-- Task --
When you retype the data, keep every word exactly and include none of the pictures.

-- Dataset extract --
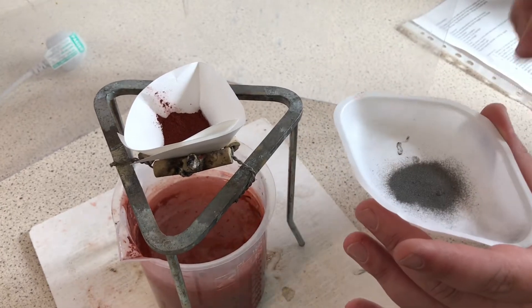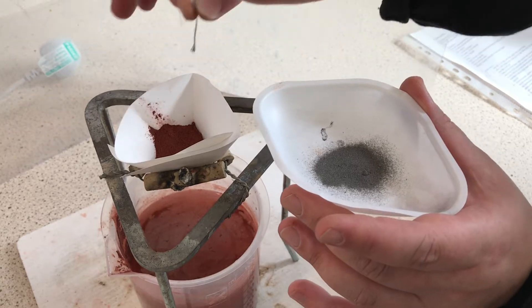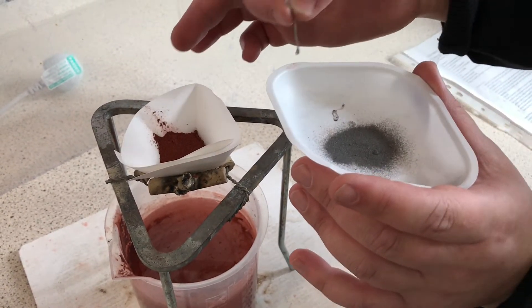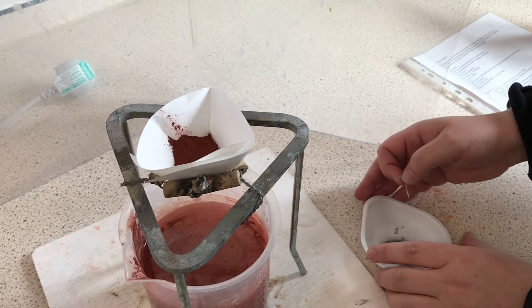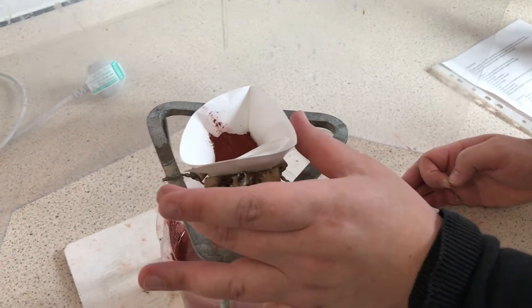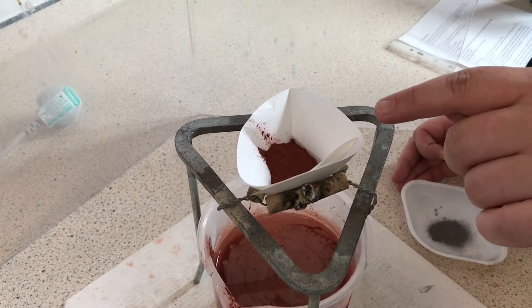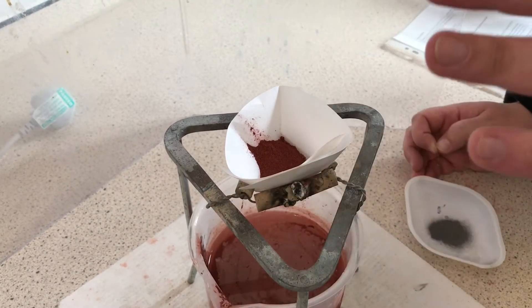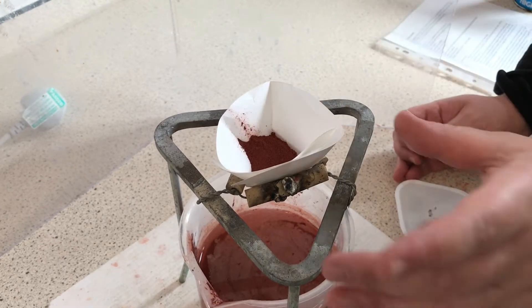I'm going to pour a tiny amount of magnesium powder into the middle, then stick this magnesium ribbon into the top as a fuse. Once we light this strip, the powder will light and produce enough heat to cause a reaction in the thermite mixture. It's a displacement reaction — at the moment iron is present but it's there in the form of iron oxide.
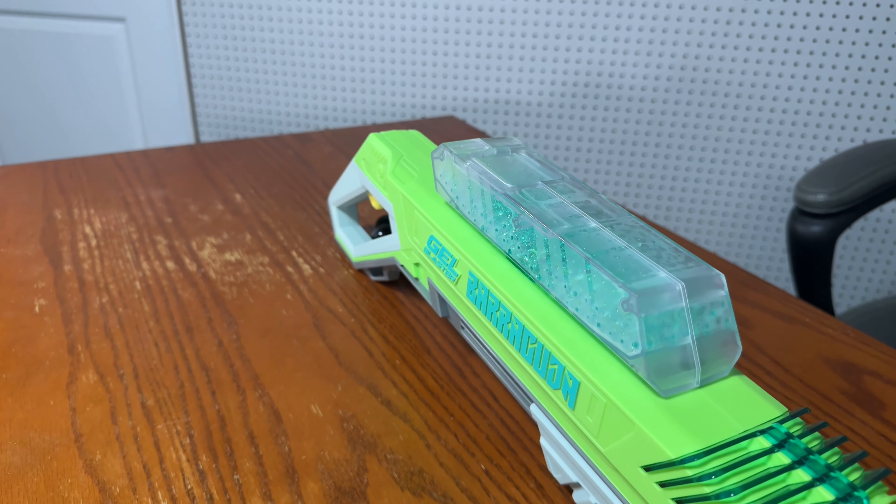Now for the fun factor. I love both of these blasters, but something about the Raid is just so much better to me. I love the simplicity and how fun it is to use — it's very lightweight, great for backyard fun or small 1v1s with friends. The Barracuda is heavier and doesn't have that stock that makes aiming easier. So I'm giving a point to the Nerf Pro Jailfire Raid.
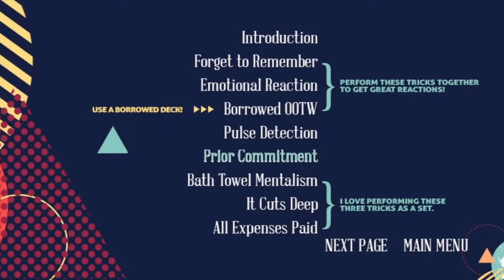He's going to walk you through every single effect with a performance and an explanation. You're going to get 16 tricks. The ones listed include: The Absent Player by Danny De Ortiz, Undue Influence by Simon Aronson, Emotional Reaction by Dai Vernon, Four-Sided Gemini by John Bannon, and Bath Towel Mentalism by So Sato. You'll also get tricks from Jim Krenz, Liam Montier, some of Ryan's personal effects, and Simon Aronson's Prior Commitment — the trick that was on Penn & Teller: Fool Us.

-- Answer section --
I'm going to pour a tiny amount of magnesium powder into the middle, then stick this magnesium ribbon into the top as a fuse. Once we light this strip, the powder will light and produce enough heat to cause a reaction in the thermite mixture. It's a displacement reaction — at the moment iron is present but it's there in the form of iron oxide.
Now for the fun factor. I love both of these blasters, but something about the Raid is just so much better to me. I love the simplicity and how fun it is to use — it's very lightweight, great for backyard fun or small 1v1s with friends. The Barracuda is heavier and doesn't have that stock that makes aiming easier. So I'm giving a point to the Nerf Pro Jailfire Raid.
He's going to walk you through every single effect with a performance and an explanation. You're going to get 16 tricks. The ones listed include: The Absent Player by Danny De Ortiz, Undue Influence by Simon Aronson, Emotional Reaction by Dai Vernon, Four-Sided Gemini by John Bannon, and Bath Towel Mentalism by So Sato. You'll also get tricks from Jim Krenz, Liam Montier, some of Ryan's personal effects, and Simon Aronson's Prior Commitment — the trick that was on Penn & Teller: Fool Us.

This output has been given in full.